Entre 2009 y 2011 y por el empeño, constancia y tenacidad de mi primo José Rodríguez, (pito na rua e Rua nas Pontes), se rehabilitó una de las zonas con mejores características para el cultico del viñedo. Con una altitud media de unos 453 metros el suelos que con los que se hicieron esos bancales está compuesto en su mayoría por restos graníticos y pizarra.
El drenaje del agua propio de este tipo de suelos y la distribución en bancales dotan al viñedo de escasa humedad y permite de forma natural controlar los excesos de producción si los hubiese, logrando con ello una óptima maduración del fruto.
Un pequeño Arroyo discurre entre las sinuosas montañas dotando a la zona de frescura. Sin duda una de las mejores zonas para el cultivo de esta variedad en toda Galicia

¿Porque Godello en Lágrimas de los bancales de Olivedo?(Por Cecilia Fernández)

Desde que tenemos en nuestro poder una botella de Godello en Lágrimas de Los Bancales de Olivedo, sabemos que disfrutaremos de la finura y elegancia de este vino, con una presentación muy cuidada y especial.

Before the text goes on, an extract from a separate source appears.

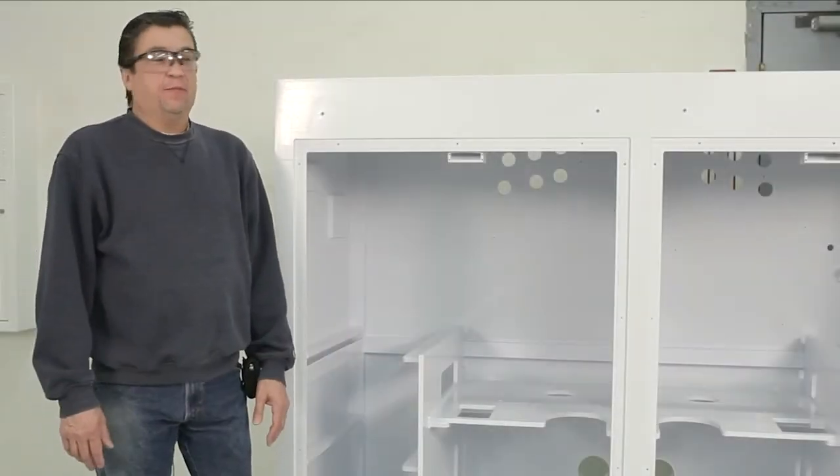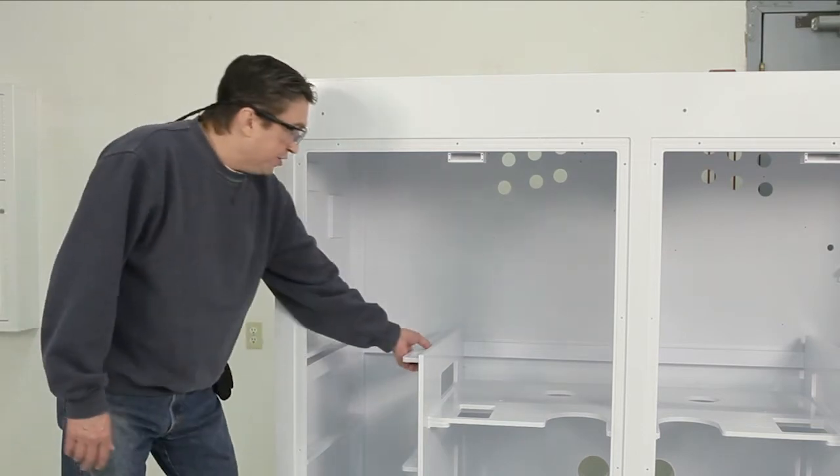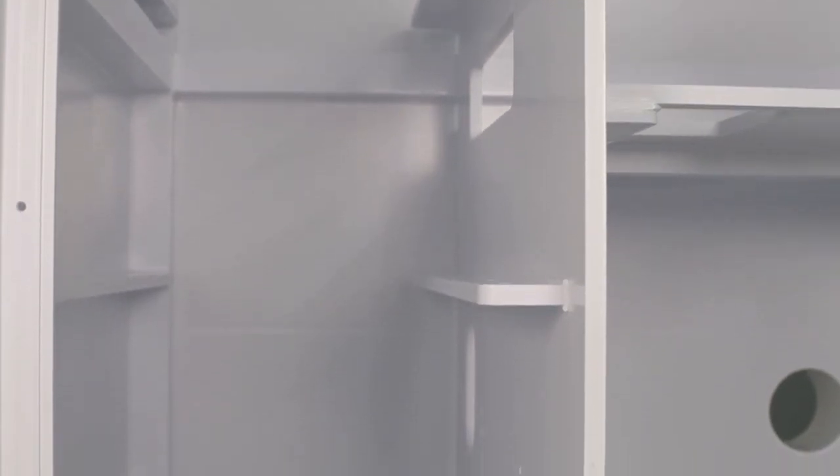In this cabinetry we have a few different welds that we use. There's a tack weld, there's a speed weld. First we tack pieces together to hold them in place and then we'll speed weld them to make them solid.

Es adulador y conquistador desde la historia de su origen en viña, ya que procede de un viñedo plantado en bancales sobre un terreno pizarroso en un paraje de extraordinaria belleza donde su clima seco es especial para conseguir racimos organolépticamente supremos. Tal es así que en la zona es habitual ver plantas de cactus y otras magnoliopsidas más propias de climas desérticos.

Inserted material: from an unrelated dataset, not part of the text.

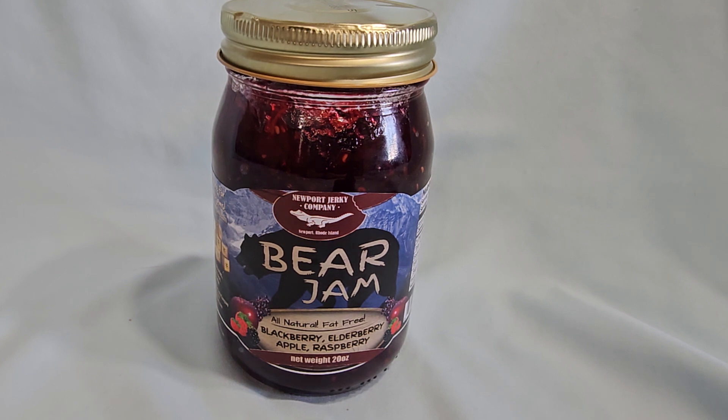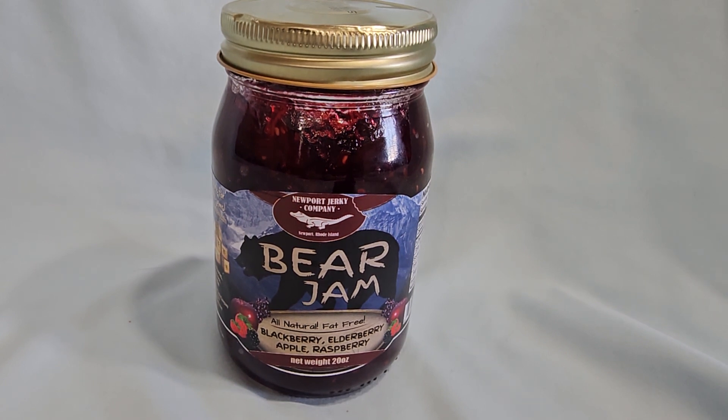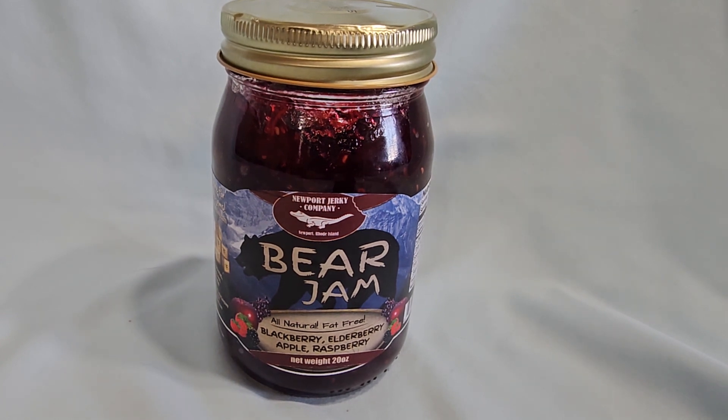Bear Jam from Newport Jerky Company is loved by me and our family. It's a unique fruit jam that appeals to those looking for a high-quality, flavorful jam. They have other options too that I will be reviewing in the future, but this is really good stuff. Go out and get yourself some.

Ausencia de herbecidas y glifosatos en todo su cultivo y fruto recogido a mano en cestas de unos 20 kilos a finales principios de septiembre.
En fase visual, Amarillo intenso con notas doradas,
Al inicio en nariz, te envuelve una sensación cremosa, con notas de panadería, que nos integran en las sensaciones de la madera. También aparecen notas de fruta de hueso madura, incluso orejones, refrescadas con notas cítricas.
A medida que se va abriendo el vino, aparecen unas sutiles notas de flores blancas, elegantes.
En boca tiene entrada cálida, y muy cremosa por la untuosidad que aportan las lías, y la crianza en madera.
El vino en boca te envuelve con la frescura, y elegancia de la variedad, acabando con ese gusto amargo, típico de la godello, y que hace que se mantenga muy largo.
El retrogusto, aparecen incluso notas balsámicas de la madera.
Un vino elegante, y complejo, sutil en los matices.
Recomendado para acompañar pescados y arroces, pero con la estructura suficiente para consumir con carnes suaves.

Por Cecilia Fernández, enóloga y consultora de amplia experiencia internacional. Ha trabajado durante años en el equipo técnico de Rafael Palacios o Paul Hobbs entre otros, y desde hace años colabora con bodegas Sampayolo mimando nuestros vinos.